(How to complete this task): The task calls for the line containing "Roadster Women Olive Green Solid Denim Jacket" and all later lines, through the end of the entries below, to be set down exactly and without pictures.

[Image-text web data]
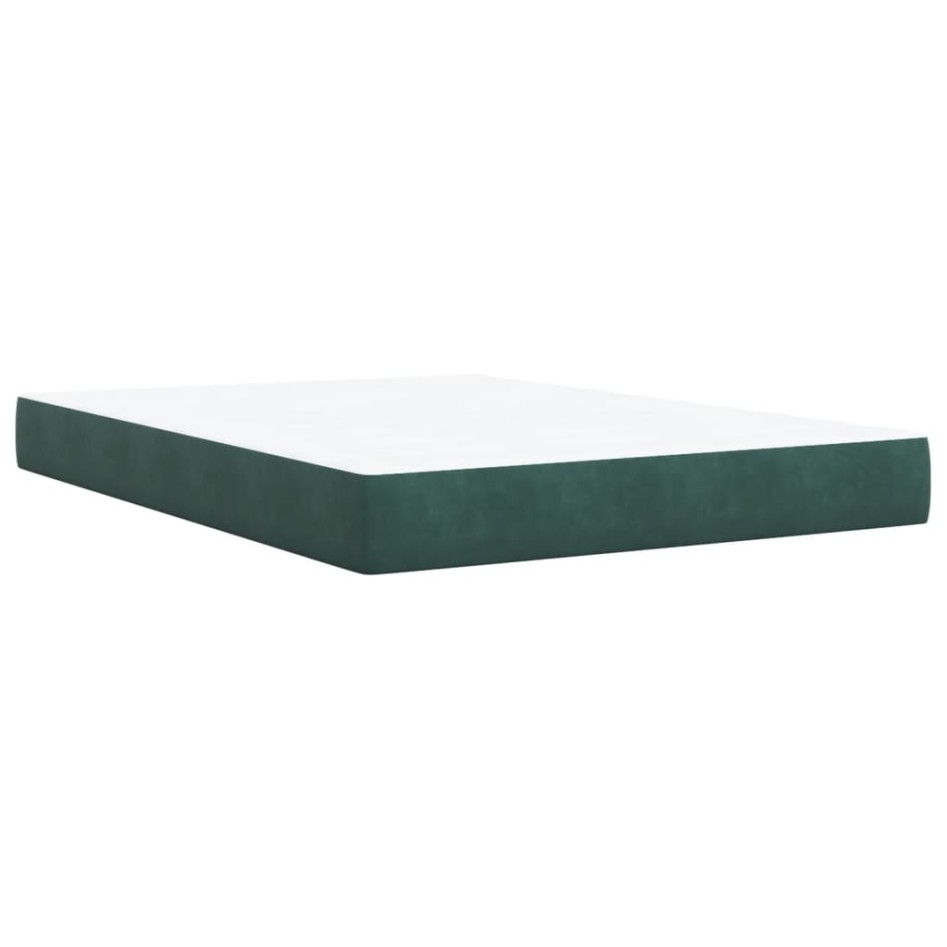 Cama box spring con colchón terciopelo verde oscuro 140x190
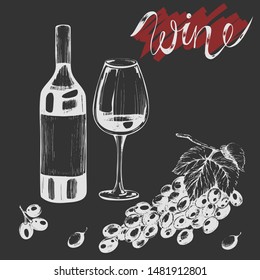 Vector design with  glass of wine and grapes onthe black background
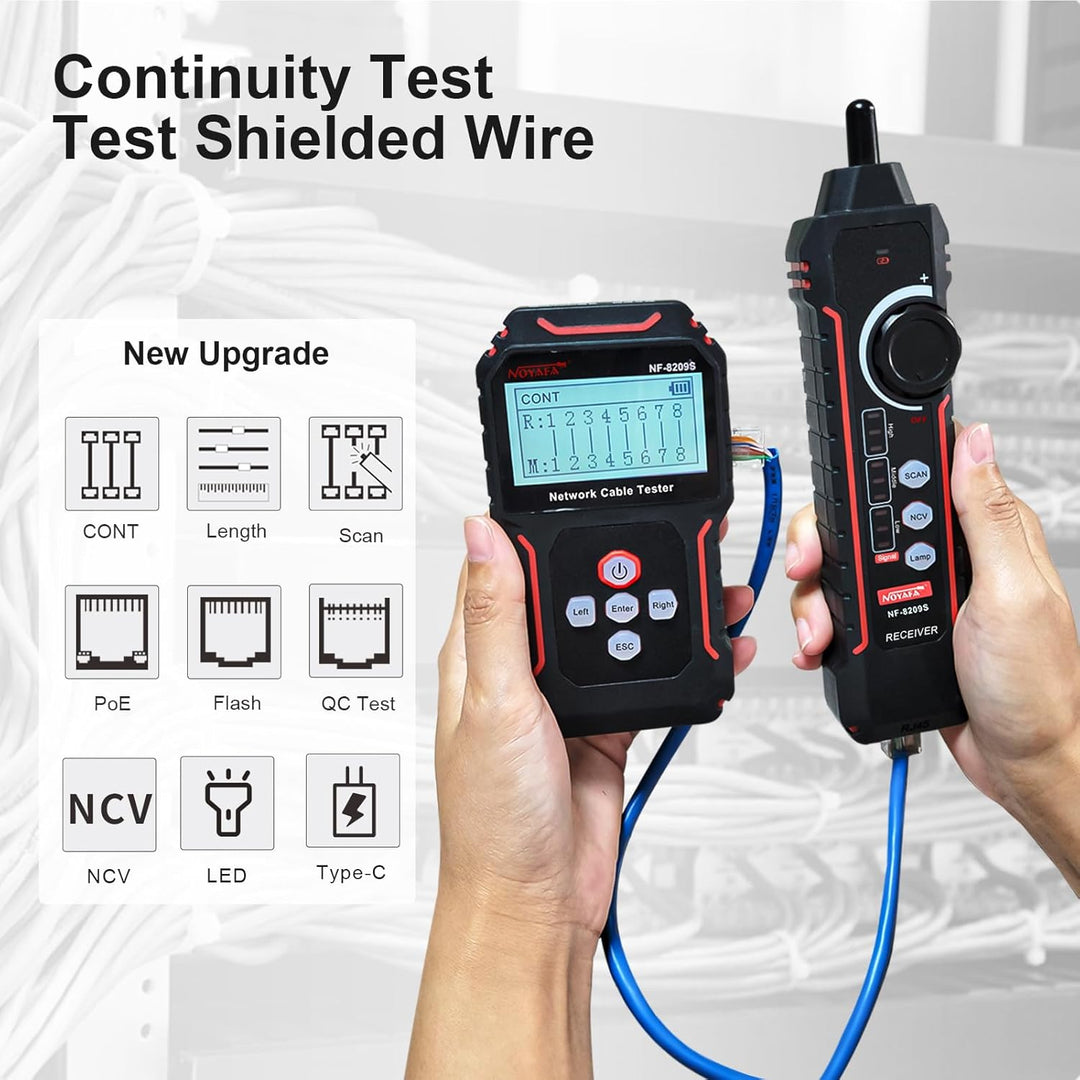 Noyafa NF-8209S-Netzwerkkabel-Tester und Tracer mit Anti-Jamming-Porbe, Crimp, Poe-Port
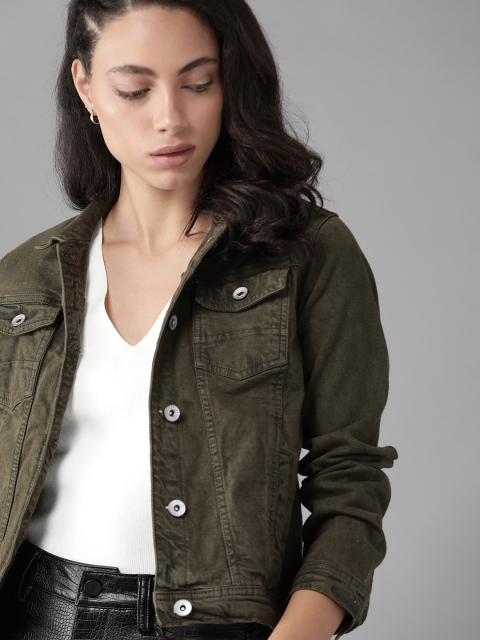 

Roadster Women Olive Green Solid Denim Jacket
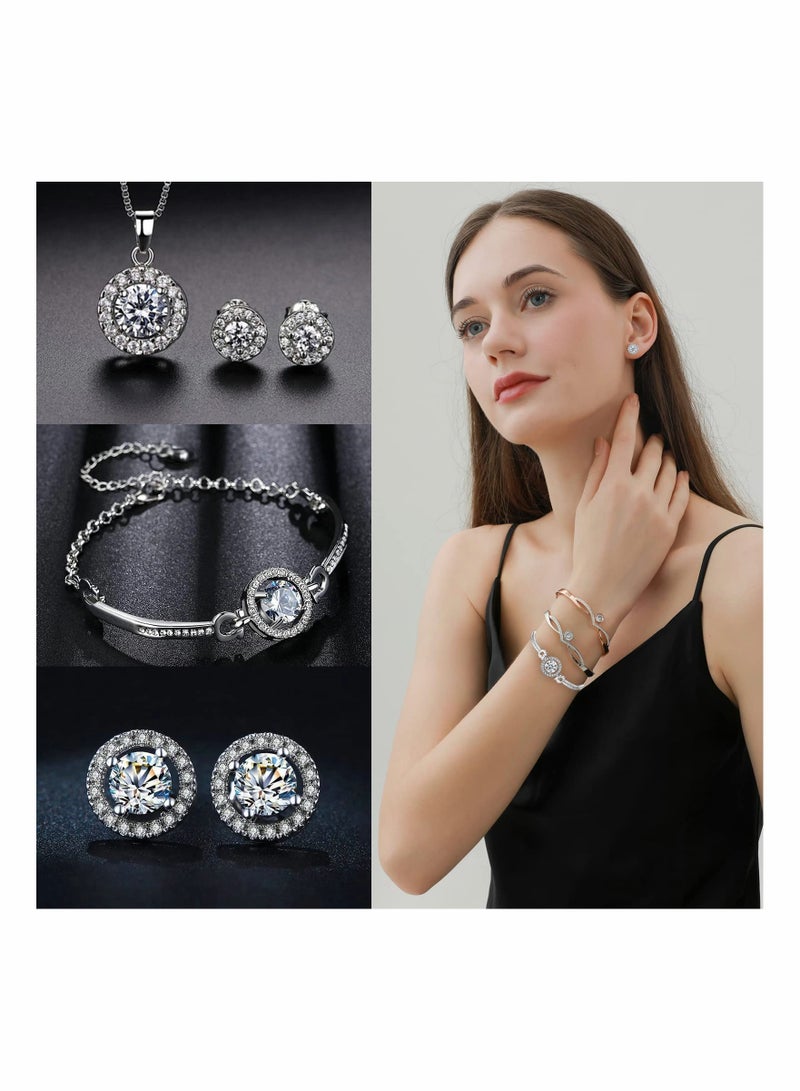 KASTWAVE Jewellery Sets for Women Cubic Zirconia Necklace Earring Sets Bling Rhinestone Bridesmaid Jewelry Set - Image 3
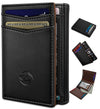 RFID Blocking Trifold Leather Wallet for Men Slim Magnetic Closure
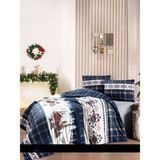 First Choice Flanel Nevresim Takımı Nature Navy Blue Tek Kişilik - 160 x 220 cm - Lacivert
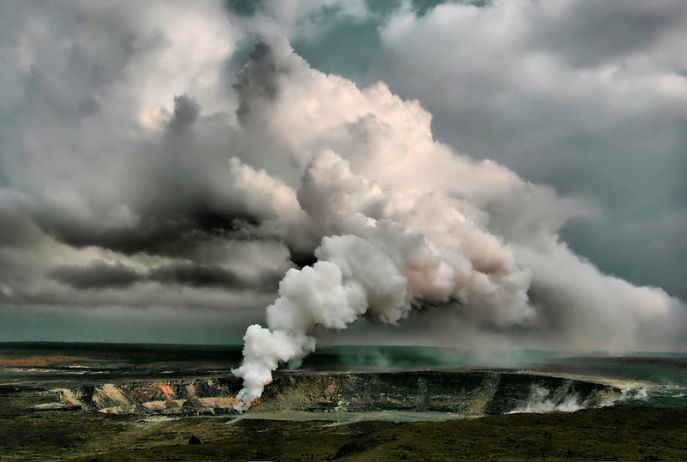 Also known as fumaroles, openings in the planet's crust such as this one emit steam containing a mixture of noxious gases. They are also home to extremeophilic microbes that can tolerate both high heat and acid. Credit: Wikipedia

(Solution for this task):
Roadster Women Olive Green Solid Denim Jacket
 KASTWAVE Jewellery Sets for Women Cubic Zirconia Necklace Earring Sets Bling Rhinestone Bridesmaid Jewelry Set - Image 3
 RFID Blocking Trifold Leather Wallet for Men Slim Magnetic Closure
 First Choice Flanel Nevresim Takımı Nature Navy Blue Tek Kişilik - 160 x 220 cm - Lacivert
 Also known as fumaroles, openings in the planet's crust such as this one emit steam containing a mixture of noxious gases. They are also home to extremeophilic microbes that can tolerate both high heat and acid. Credit: Wikipedia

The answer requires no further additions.